It simply proves that naturally, organics tend to care more about those that are close to them than about aliens.
And I don't think that it's necessarily a bad thing.
Sure, you need to be aware of the bigger picture, and it does not excuse being an evil monster, but caring more about your "clan" is simply a natural thing to do.
I was going to respond and say, "All of which doesn't address the question I asked."
Then I went back to see the exact question, and I see that I was ambiguous. I wrote:
Why would I value my own species at all?
If that is read as "Why might I value my own species at all?" or a request for help finding such a justification, I think you (and the others) have actually done a really good job of answering the question.
What I was trying to ask, though, was, "Why would I
necessarily value my own species?" It seemed to me that people were assuming that any character would, and I was looking for justification for that assumption.
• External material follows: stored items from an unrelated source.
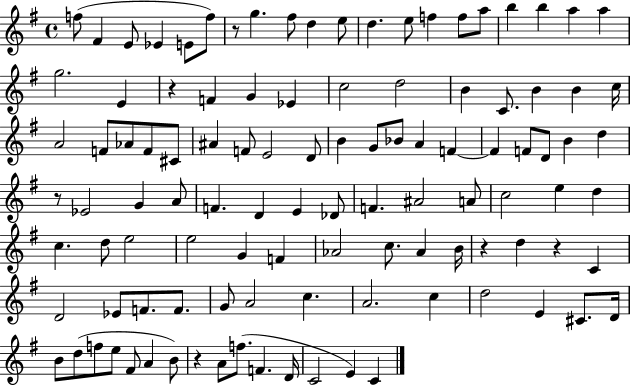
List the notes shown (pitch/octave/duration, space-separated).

F5/e F#4/q E4/e Eb4/q E4/e F5/e R/e G5/q. F#5/e D5/q E5/e D5/q. E5/e F5/q F5/e A5/e B5/q B5/q A5/q A5/q G5/h. E4/q R/q F4/q G4/q Eb4/q C5/h D5/h B4/q C4/e. B4/q B4/q C5/s A4/h F4/e Ab4/e F4/e C#4/e A#4/q F4/e E4/h D4/e B4/q G4/e Bb4/e A4/q F4/q F4/q F4/e D4/e B4/q D5/q R/e Eb4/h G4/q A4/e F4/q. D4/q E4/q Db4/e F4/q. A#4/h A4/e C5/h E5/q D5/q C5/q. D5/e E5/h E5/h G4/q F4/q Ab4/h C5/e. Ab4/q B4/s R/q D5/q R/q C4/q D4/h Eb4/e F4/e. F4/e. G4/e A4/h C5/q. A4/h. C5/q D5/h E4/q C#4/e. D4/s B4/e D5/e F5/e E5/e F#4/e A4/q B4/e R/q A4/e F5/e. F4/q. D4/s C4/h E4/q C4/q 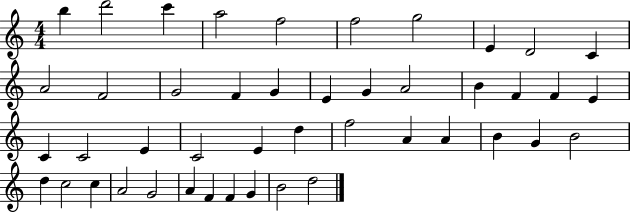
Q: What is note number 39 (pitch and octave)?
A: G4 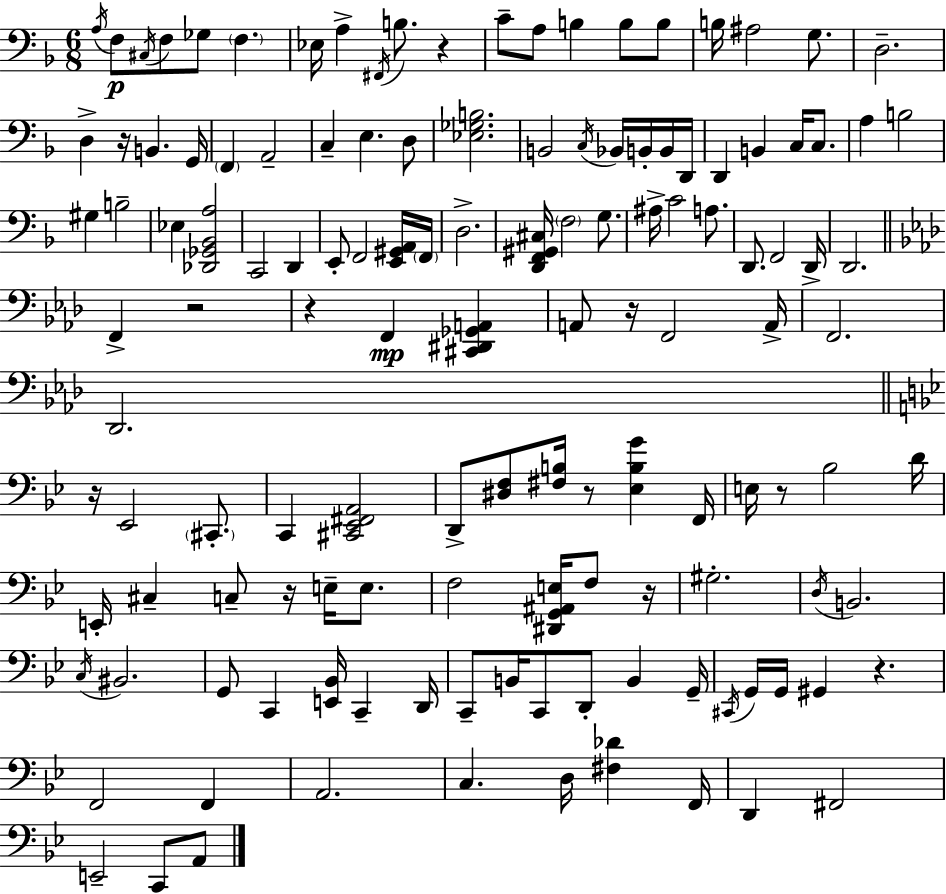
{
  \clef bass
  \numericTimeSignature
  \time 6/8
  \key f \major
  \acciaccatura { a16 }\p f8 \acciaccatura { cis16 } f8 ges8 \parenthesize f4. | ees16 a4-> \acciaccatura { fis,16 } b8. r4 | c'8-- a8 b4 b8 | b8 b16 ais2 | \break g8. d2.-- | d4-> r16 b,4. | g,16 \parenthesize f,4 a,2-- | c4-- e4. | \break d8 <ees ges b>2. | b,2 \acciaccatura { c16 } | bes,16 b,16-. b,16 d,16 d,4 b,4 | c16 c8. a4 b2 | \break gis4 b2-- | ees4 <des, ges, bes, a>2 | c,2 | d,4 e,8-. f,2 | \break <e, gis, a,>16 \parenthesize f,16 d2.-> | <d, f, gis, cis>16 \parenthesize f2 | g8. ais16-> c'2 | a8. d,8. f,2 | \break d,16-> d,2. | \bar "||" \break \key f \minor f,4-> r2 | r4 f,4\mp <cis, dis, ges, a,>4 | a,8 r16 f,2 a,16-> | f,2. | \break des,2. | \bar "||" \break \key bes \major r16 ees,2 \parenthesize cis,8.-. | c,4 <cis, ees, fis, a,>2 | d,8-> <dis f>8 <fis b>16 r8 <ees b g'>4 f,16 | e16 r8 bes2 d'16 | \break e,16-. cis4-- c8-- r16 e16-- e8. | f2 <dis, g, ais, e>16 f8 r16 | gis2.-. | \acciaccatura { d16 } b,2. | \break \acciaccatura { c16 } bis,2. | g,8 c,4 <e, bes,>16 c,4-- | d,16 c,8-- b,16 c,8 d,8-. b,4 | g,16-- \acciaccatura { cis,16 } g,16 g,16 gis,4 r4. | \break f,2 f,4 | a,2. | c4. d16 <fis des'>4 | f,16 d,4 fis,2 | \break e,2-- c,8 | a,8 \bar "|."
} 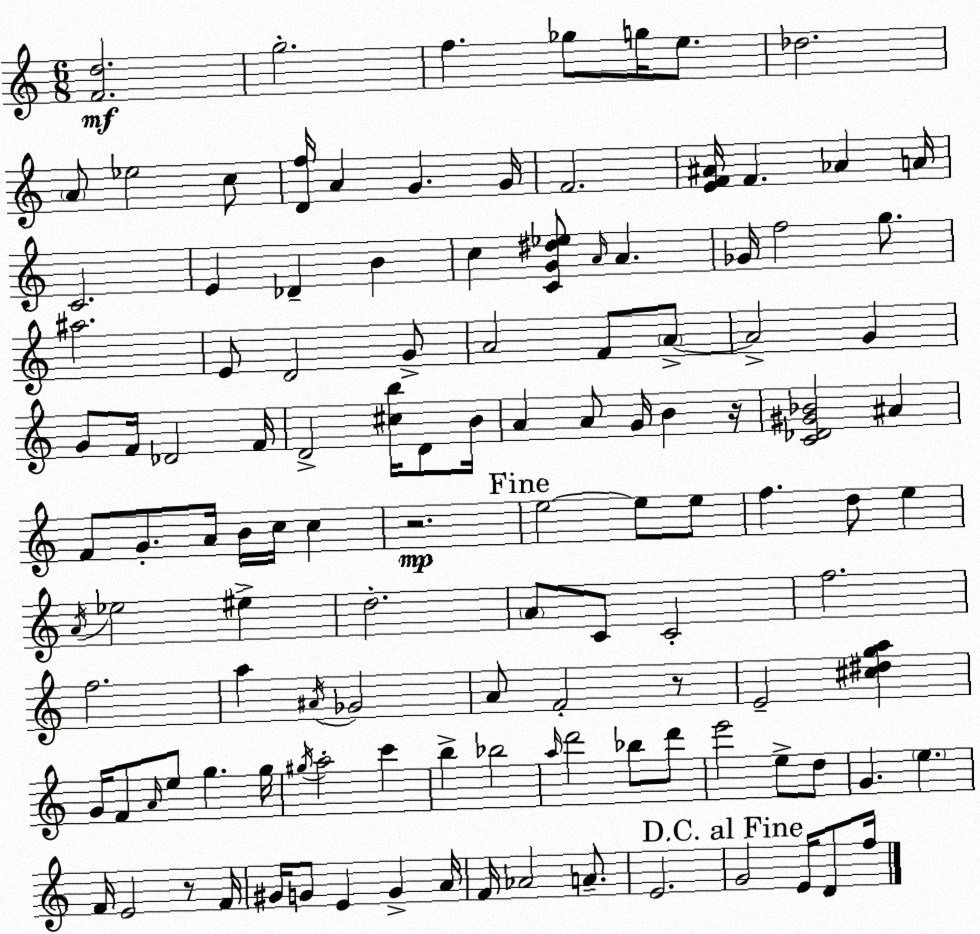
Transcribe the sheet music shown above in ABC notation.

X:1
T:Untitled
M:6/8
L:1/4
K:C
[Fd]2 g2 f _g/2 g/4 e/2 _d2 A/2 _e2 c/2 [Df]/4 A G G/4 F2 [EF^A]/4 F _A A/4 C2 E _D B c [CG^d_e]/2 A/4 A _G/4 f2 g/2 ^a2 E/2 D2 G/2 A2 F/2 A/2 A2 G G/2 F/4 _D2 F/4 D2 [^cb]/4 D/2 B/4 A A/2 G/4 B z/4 [C_D^G_B]2 ^A F/2 G/2 A/4 B/4 c/4 c z2 e2 e/2 e/2 f d/2 e A/4 _e2 ^e d2 A/2 C/2 C2 f2 f2 a ^A/4 _G2 A/2 F2 z/2 E2 [^c^dga] G/4 F/2 A/4 e/2 g g/4 ^g/4 a2 c' b _b2 a/4 d'2 _b/2 d'/2 e'2 e/2 d/2 G e F/4 E2 z/2 F/4 ^G/4 G/2 E G A/4 F/4 _A2 A/2 E2 G2 E/4 D/2 f/4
I was arguing that one cpuld have a moral standard which one's own species failed to meet, or failed to meet as well as some other species (something I think needs to be possible in any defensible moral system).
Moral worth needs to be based on something. Things we grant moral worth need to exhibit some characteristic we value, and it's that characteristic that grants them moral worth. If some other species does a better job of exhibiting that characteristic, or if we discover that our own species largely doesn't exhibit that characteristic, then we wouldn't value our own species as much (or at all).